» **Exercise description**:
Return all of the data exactly, with nothing left out but the pictures.
[Given records]
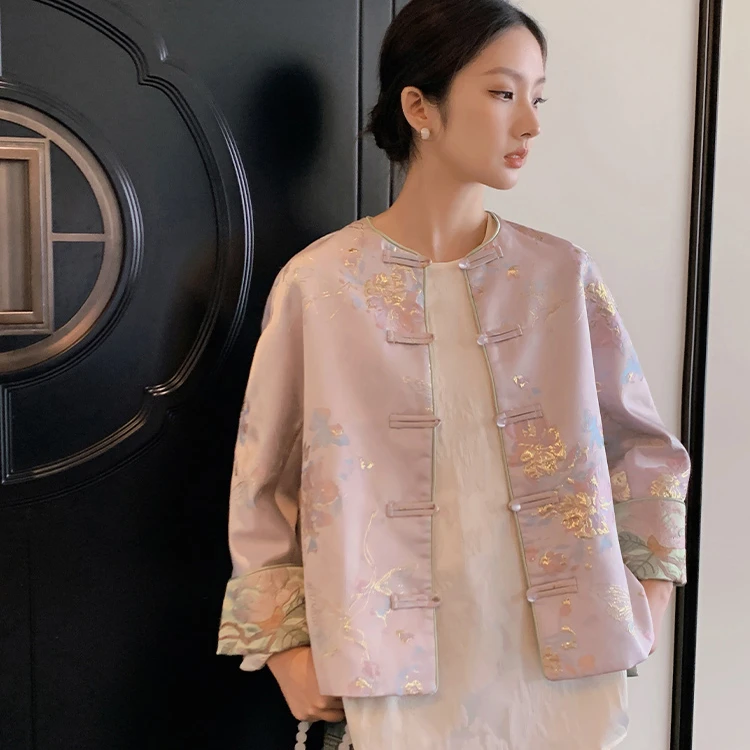 mnfs9615新中式国风重工提花外套女新款时尚复古盘扣短款气质上衣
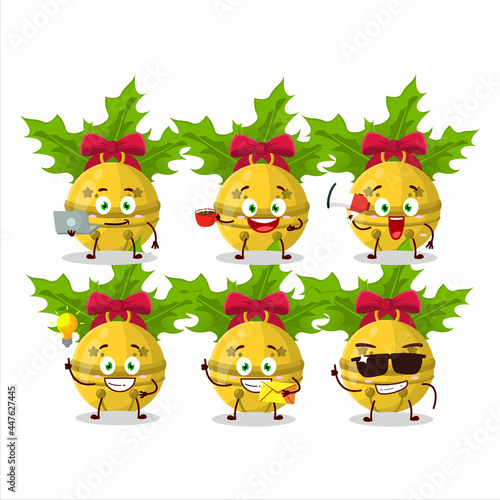 Christmas bells cartoon character with various types of business emoticons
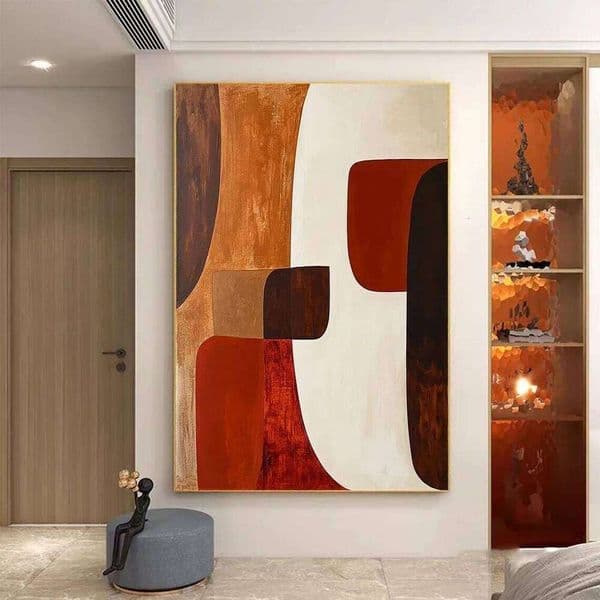 Large Abstract Geometric Handmade Dark Brown Red Wall Art Beige Minimalist Canvas Painting Living Room Deco 26L0224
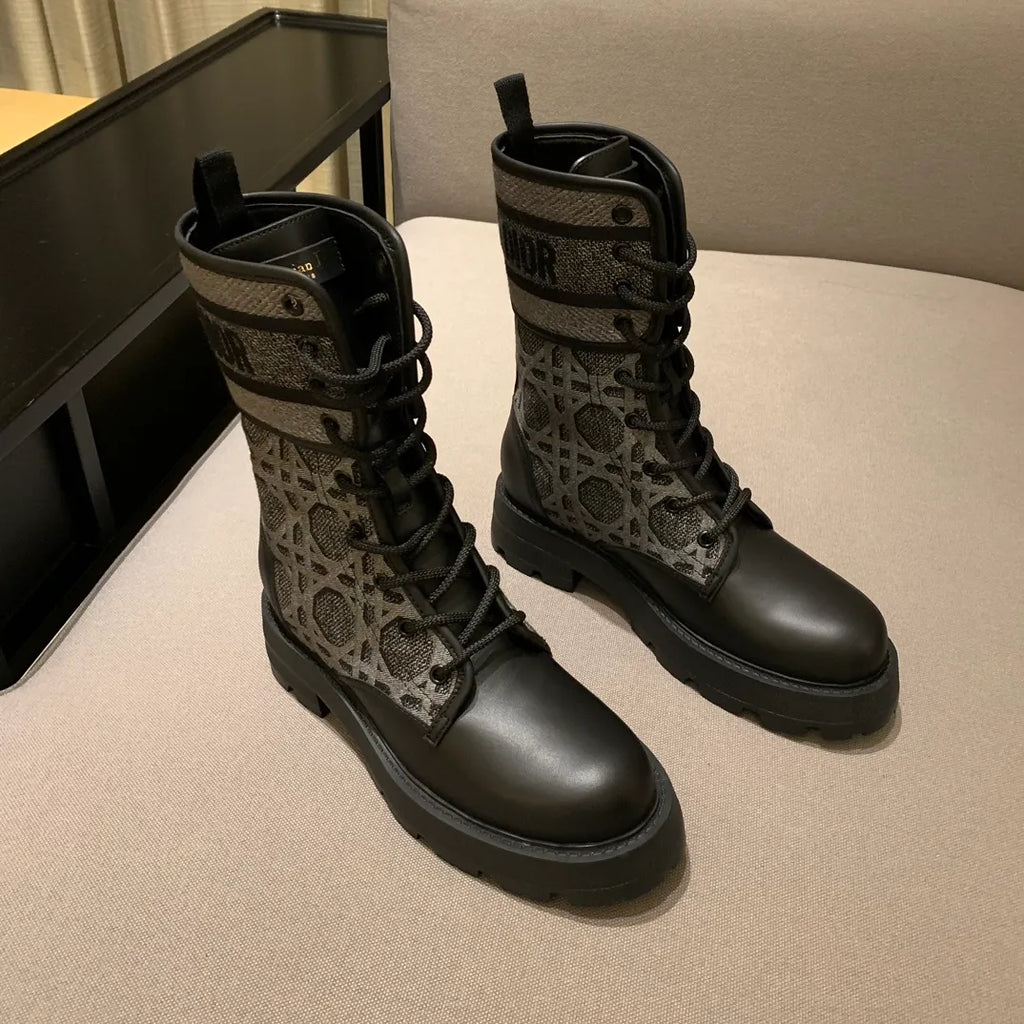 Dior Women's Ankle Boots Checkered Grey Technical Fabric Calfskin Leather 340571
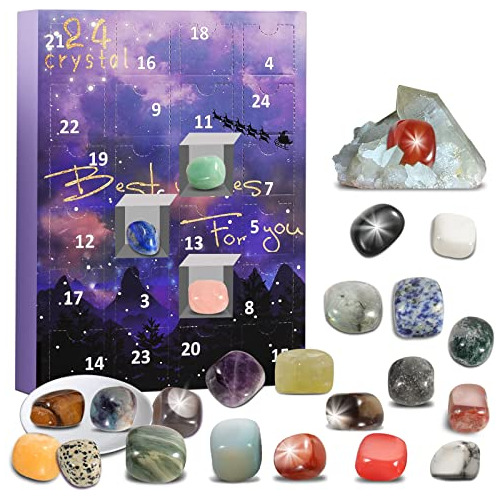 Advent Calendar 2023, 24 Days Natural Crystal Agate Sto...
[/Given records]
» **Solution below**:
 mnfs9615新中式国风重工提花外套女新款时尚复古盘扣短款气质上衣
 Christmas bells cartoon character with various types of business emoticons
 Large Abstract Geometric Handmade Dark Brown Red Wall Art Beige Minimalist Canvas Painting Living Room Deco 26L0224
 Dior Women's Ankle Boots Checkered Grey Technical Fabric Calfskin Leather 340571
 Advent Calendar 2023, 24 Days Natural Crystal Agate Sto...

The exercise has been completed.